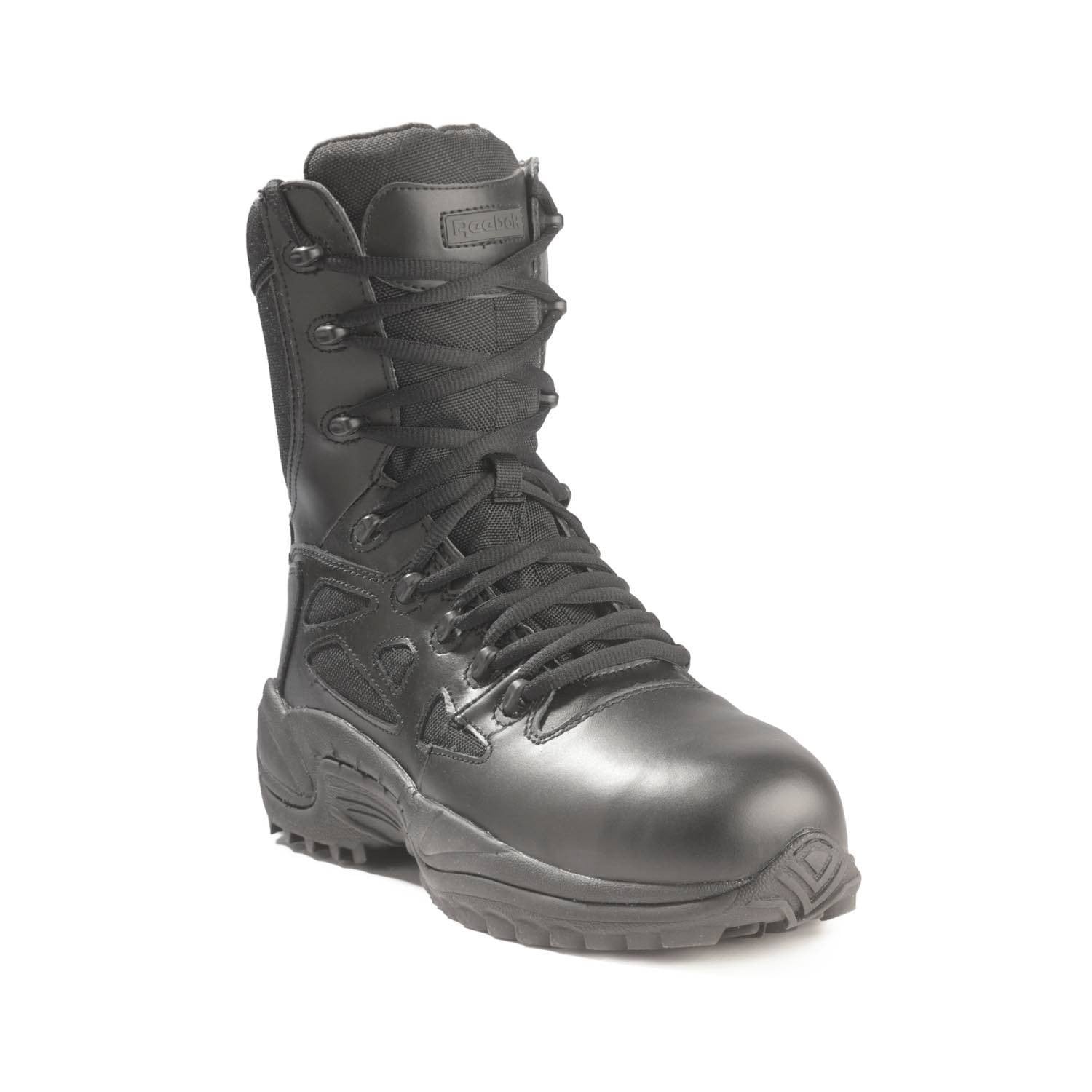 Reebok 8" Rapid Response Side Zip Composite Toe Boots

* * *

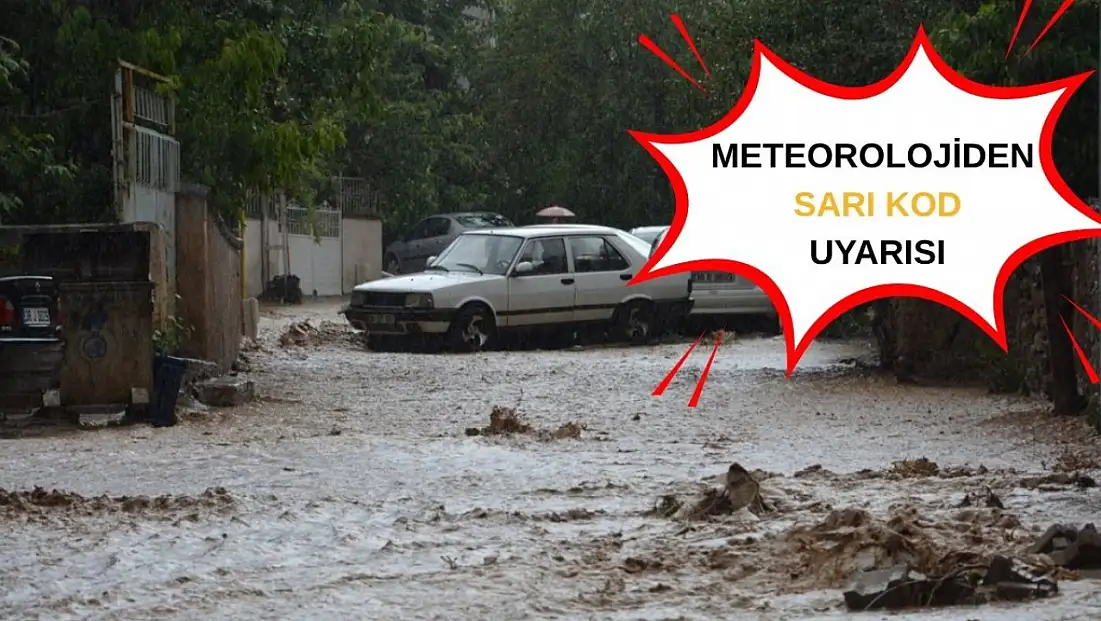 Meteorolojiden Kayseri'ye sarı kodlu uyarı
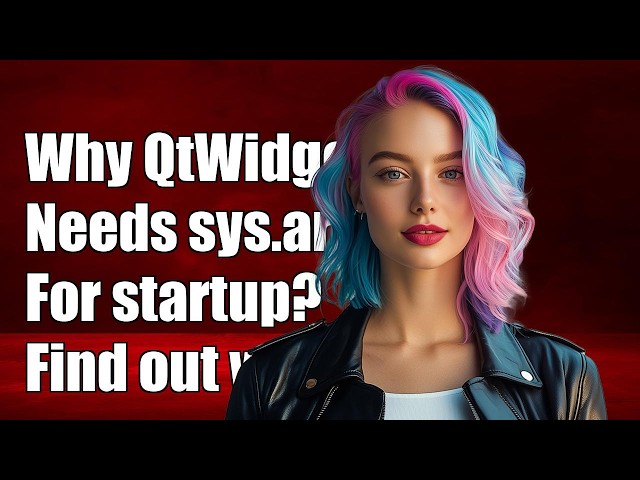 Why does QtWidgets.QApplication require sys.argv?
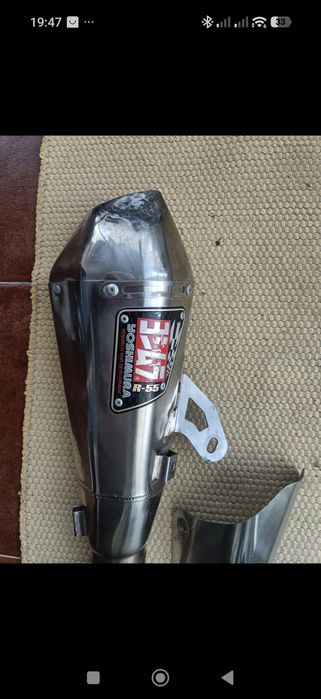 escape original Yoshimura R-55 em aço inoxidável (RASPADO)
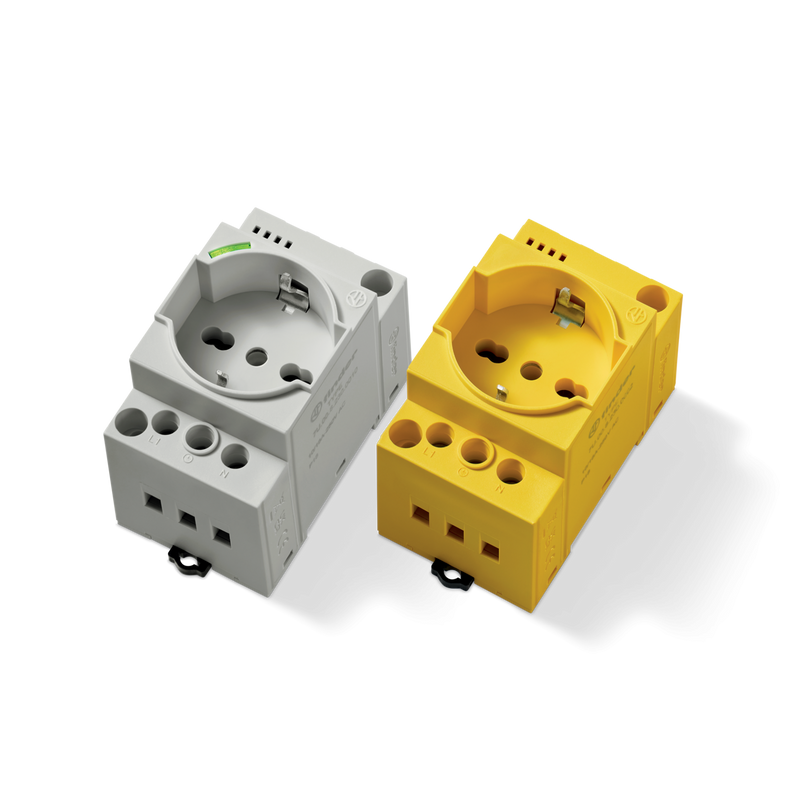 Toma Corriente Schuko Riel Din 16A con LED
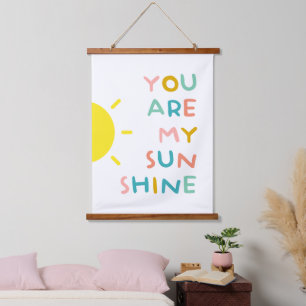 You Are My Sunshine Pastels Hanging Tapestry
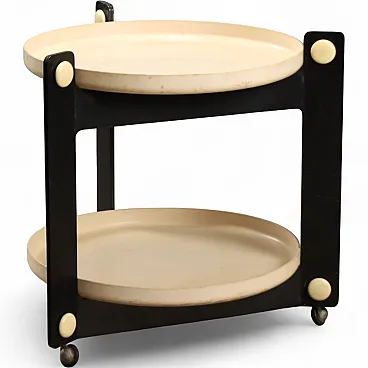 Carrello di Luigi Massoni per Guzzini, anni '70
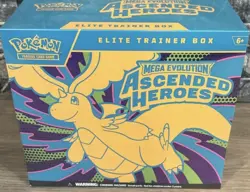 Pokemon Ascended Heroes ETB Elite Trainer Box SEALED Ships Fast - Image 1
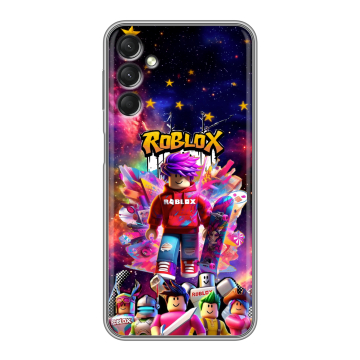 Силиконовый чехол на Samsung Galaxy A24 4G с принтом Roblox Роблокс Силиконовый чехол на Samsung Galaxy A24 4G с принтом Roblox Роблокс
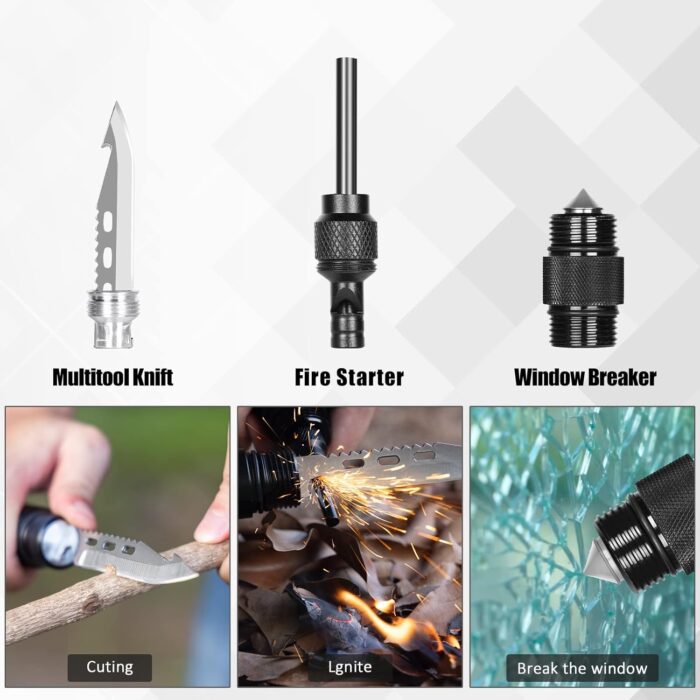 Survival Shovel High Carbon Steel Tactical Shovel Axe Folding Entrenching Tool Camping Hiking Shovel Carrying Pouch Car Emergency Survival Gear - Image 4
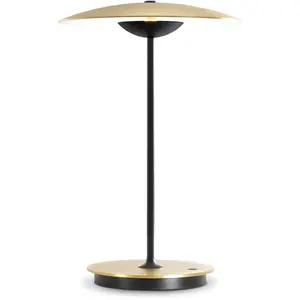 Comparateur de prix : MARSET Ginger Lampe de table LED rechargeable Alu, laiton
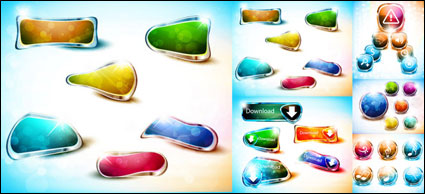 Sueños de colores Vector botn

* * *

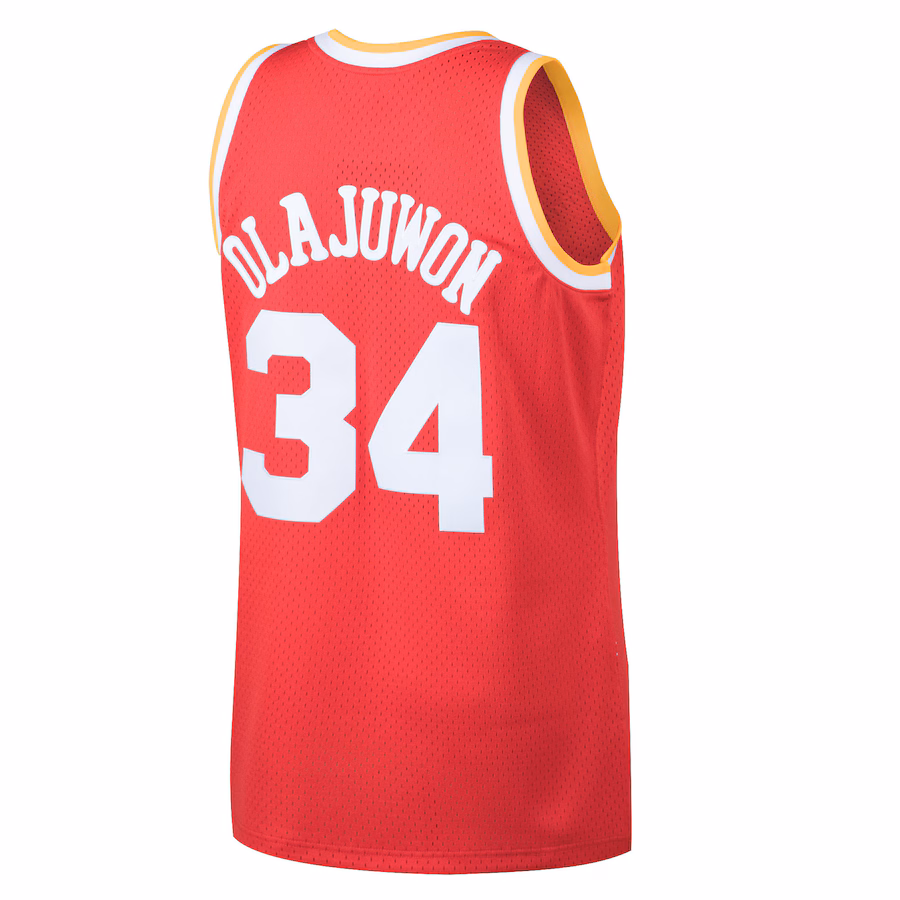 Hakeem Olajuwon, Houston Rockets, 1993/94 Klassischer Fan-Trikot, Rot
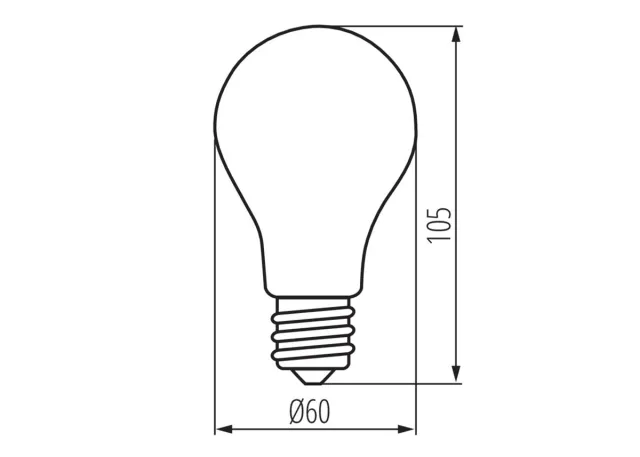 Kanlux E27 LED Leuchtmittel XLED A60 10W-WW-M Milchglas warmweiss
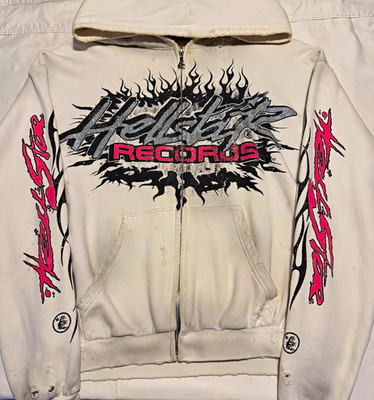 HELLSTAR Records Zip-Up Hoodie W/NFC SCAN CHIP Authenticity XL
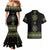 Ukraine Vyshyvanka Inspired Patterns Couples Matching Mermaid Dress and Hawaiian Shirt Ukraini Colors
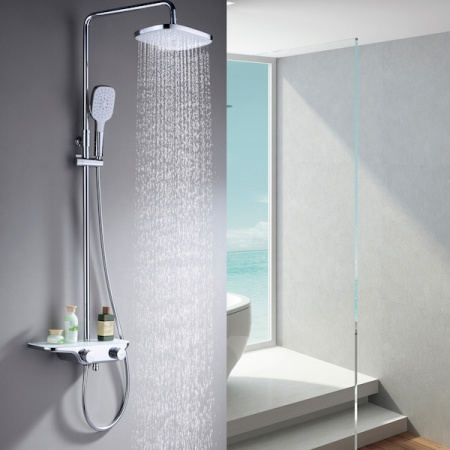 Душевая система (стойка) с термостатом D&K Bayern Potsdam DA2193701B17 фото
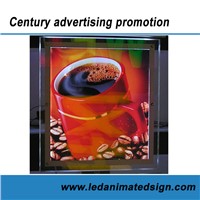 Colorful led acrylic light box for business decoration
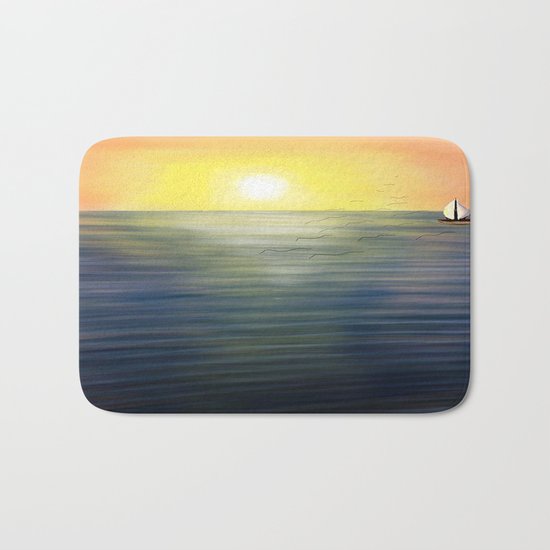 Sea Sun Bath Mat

• Activity: In the listing above, find the line containing "Pokemon Ascended Heroes" and the line containing "Sueños de colores Vector botn", then output those two lines and everything between them exactly as written, without the images.

• Expected output:
 Pokemon Ascended Heroes ETB Elite Trainer Box SEALED Ships Fast - Image 1
 Силиконовый чехол на Samsung Galaxy A24 4G с принтом Roblox Роблокс Силиконовый чехол на Samsung Galaxy A24 4G с принтом Roblox Роблокс
 Survival Shovel High Carbon Steel Tactical Shovel Axe Folding Entrenching Tool Camping Hiking Shovel Carrying Pouch Car Emergency Survival Gear - Image 4
 Comparateur de prix : MARSET Ginger Lampe de table LED rechargeable Alu, laiton
 Sueños de colores Vector botn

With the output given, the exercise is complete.